“These imported cement products will give consumers a good choice and hopefully will prompt local cement producers to lower their price,” he said.
The DTI official said that because of the cheaper Chinese cement, he heard reports that Holcim Philippines, which has cement plants in Davao City and Misamis Oriental, and other companies are considering a price reduction.
Holcim, which was then called Union Cement, was among the local cement companies under the Philippine Cement Manufacturers Corp. who strongly opposed the dumping of cheap imported cement from neighboring countries like Taiwan, Japan and Indonesia six years ago. Claiming that the cheap imports may cause the local plants to lose money and shut down operations, they were able to successfully lobby with government to impose tariff on the cement imports.
Mastura said the Chinese cement that entered Polloc were levied with the necessary customs charges.

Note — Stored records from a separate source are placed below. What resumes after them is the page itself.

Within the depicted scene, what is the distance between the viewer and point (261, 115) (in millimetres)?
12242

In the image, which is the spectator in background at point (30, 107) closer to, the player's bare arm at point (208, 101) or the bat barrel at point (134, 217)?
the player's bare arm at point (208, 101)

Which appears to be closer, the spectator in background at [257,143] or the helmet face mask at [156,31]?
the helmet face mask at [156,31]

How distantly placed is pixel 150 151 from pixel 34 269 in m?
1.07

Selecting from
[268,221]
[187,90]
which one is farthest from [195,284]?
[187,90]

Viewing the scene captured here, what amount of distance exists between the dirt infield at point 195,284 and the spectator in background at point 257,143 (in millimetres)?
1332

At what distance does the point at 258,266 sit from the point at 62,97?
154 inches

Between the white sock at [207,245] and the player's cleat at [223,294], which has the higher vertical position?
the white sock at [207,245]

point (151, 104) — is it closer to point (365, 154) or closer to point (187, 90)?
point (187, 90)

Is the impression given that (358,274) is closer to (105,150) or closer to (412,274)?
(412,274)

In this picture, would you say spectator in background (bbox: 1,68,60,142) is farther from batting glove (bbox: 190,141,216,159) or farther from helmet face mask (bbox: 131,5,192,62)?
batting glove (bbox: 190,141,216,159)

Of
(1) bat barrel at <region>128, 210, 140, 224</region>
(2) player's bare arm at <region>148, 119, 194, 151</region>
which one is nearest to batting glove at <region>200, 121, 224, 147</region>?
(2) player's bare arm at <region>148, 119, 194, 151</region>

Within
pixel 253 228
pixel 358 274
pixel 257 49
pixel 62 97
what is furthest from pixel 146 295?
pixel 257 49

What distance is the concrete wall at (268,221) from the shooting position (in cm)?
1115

A few months ago, cement shortage was experienced in Central Mindanao and ARMM, resulting in higher prices beyond the suggested retail price set by local manufacturers. But Holcim regional sales chief Ernesto Paredes later assured trade officials the company could supply the 70,000-bag daily requirement of Central Mindanao.
Mastura said half of the imported Chinese cement was brought to General Santos City for the expansion works at the fish port complex that is being funded with Chinese money.
“We hope this trade link would continue and other importers would follow suit. The shipment showed to other shippers that it is possible to directly use the Polloc port as an offloading point,” Mastura said.
Mastura said they hope export mango, banana, copra, activated carbon and other products to China. But MV Hofeng 7 left for China without carrying locally produced cargoes.
“What’s important is that we have already established a trade route to China,” he said.